ODI in the current 10.1.3.4 release has three major areas of web service functionality;
- The Oracle Data Integrator Public Web Service, that lets you execute a scenario (a published package) from a web service call
- Data Services, which provide a web service over an ODI data store (i.e. a table, view or other data source registered in ODI)
- The ODIInvokeWebService tool that you can add to a package to request a response from a web service
The examples in the ODI documentation suggest installing the Oracle Data Integrator Public Web Services, and any Data Services you create, using the Apache Axis2 web services engine that you can then install into a Java application server such as Oracle OC4J. I took Douglas’ recommendation and downloaded Apache Axis2 1.2 from the Apache website, and installed it into the default OC4J home in Oracle Application Server 10.1.3.3.1 (the one that comes with Oracle SOA Suite 10g). Having a play around with the three bits of functionality, they seem to work in this way:
The Oracle Data Integrator Public Web Services is fairly straightforward and allows you to call an ODI scenario (in OWB terms, a process flow) via a web service call. A typical way you’d use ODI in this way is to call a bit of bulk data transformation as part of a business process, such as in the BPEL diagram below:

If you’ve read the recent OTN article I put together on BPEL and OBIEE, setting up ODI to work in this way is pretty similar. You add a reference to the ODI Public Web Service as a partner link in your BPEL process, then make calls to it using Invoke activities. When you add an Invoke activity that refers to the ODI Public Web Service you get a choice of three activities:
- Invoke Scenario
- Get Web Service Version, and
- Invoke Session
with the first activity being the one you’d need to choose.

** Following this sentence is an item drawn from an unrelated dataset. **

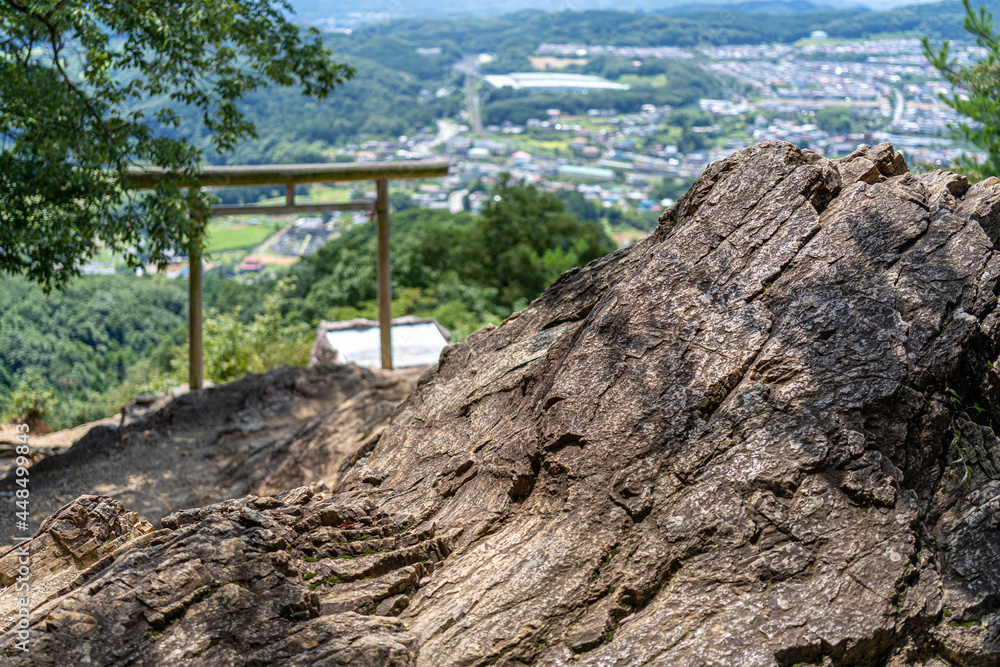 日和田山から見える鳥居と日高市の街並み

Other than the Invoke activity, you’d also need to add a corresponding Assign activity before it to set the details of the scenario being called, the respository being connected to and so on. Once this is all in place, you can call a bit of bulk data transformation directly from your BPEL process and use this as a substitute for moving and transforming data on a message-by-message basis.
The second bit of ODI web service functionality is Data Services. Data Services allow you to take a data store in your ODI repository (usually a table or view, but it can also refer to anything that ODI recognizes as providing data) and give it a web service interface, so that outside applications can select from it, update it, delete from it and so on. ODI comes pre-configured to work with Apache Axis2, a web services engine that you can download free from the Apache website and installs pretty easily into the OC4J container in Oracle Application Server. Once you’ve defined an Axis2 data server in your Topology Manager application, like this:

you can then take any model in the Designer application and select datastores (tables, views etc) within it to publish as web services.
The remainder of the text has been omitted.